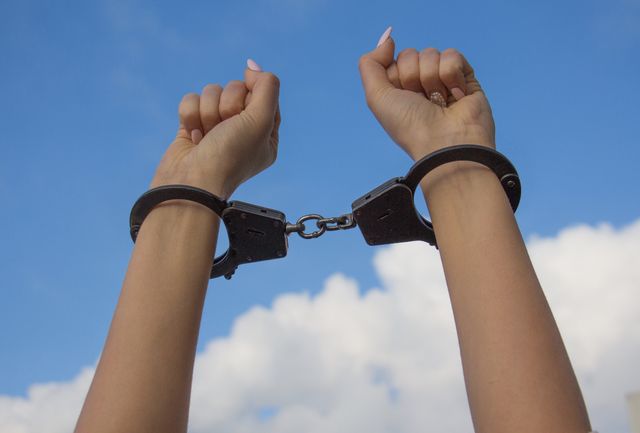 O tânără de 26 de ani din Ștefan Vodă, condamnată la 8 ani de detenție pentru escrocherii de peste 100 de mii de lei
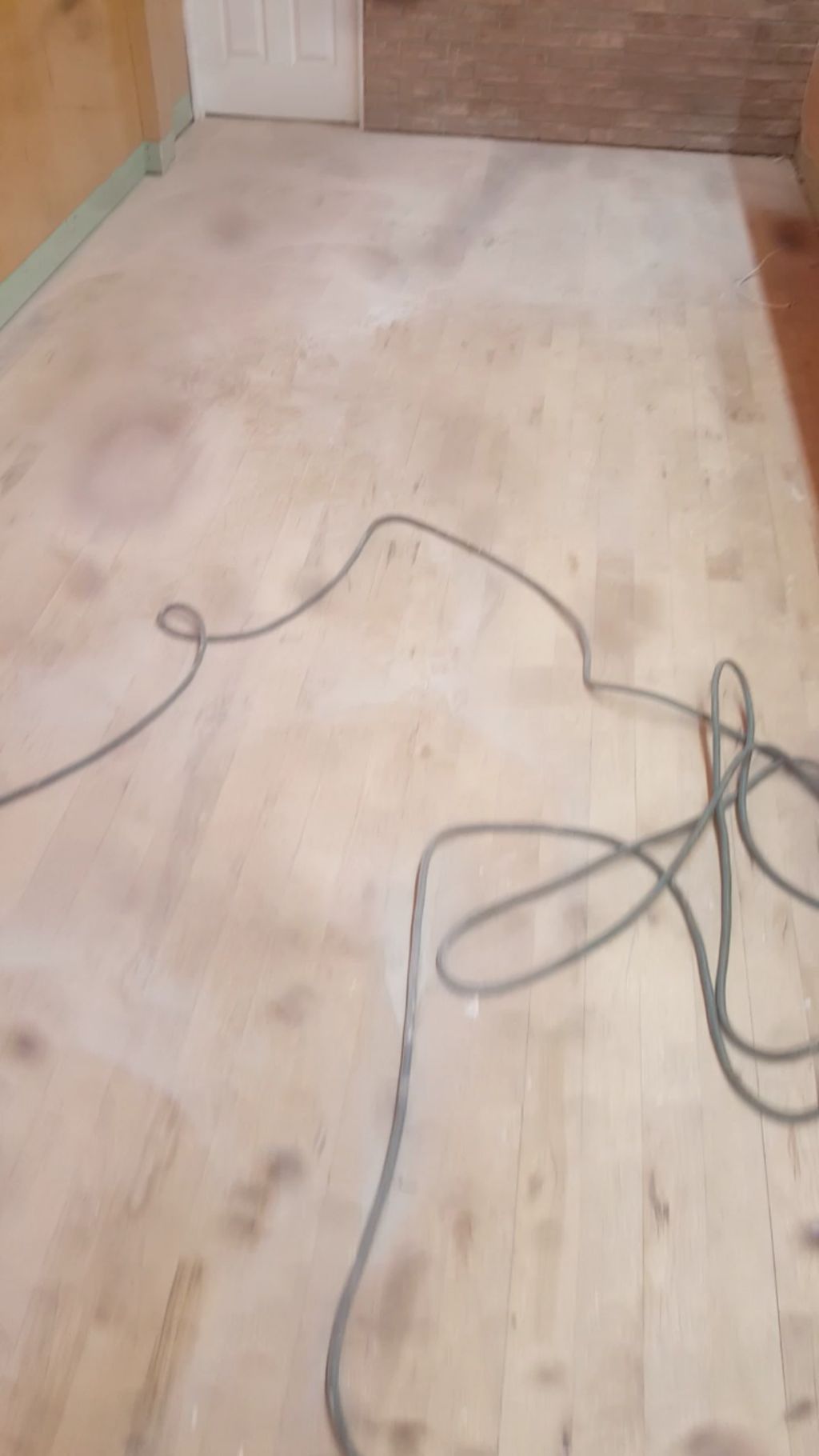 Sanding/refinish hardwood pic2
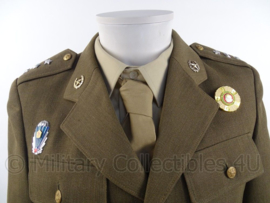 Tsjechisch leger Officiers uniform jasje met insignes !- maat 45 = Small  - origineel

▶ TASK INSTRUCTIONS:
Would you restate, word for word, the lines from the one holding "Sanding/refinish hardwood pic2" through the end of the material above? Omit the pictures.

▶ TASK ANSWER:
 Sanding/refinish hardwood pic2
 Tsjechisch leger Officiers uniform jasje met insignes !- maat 45 = Small  - origineel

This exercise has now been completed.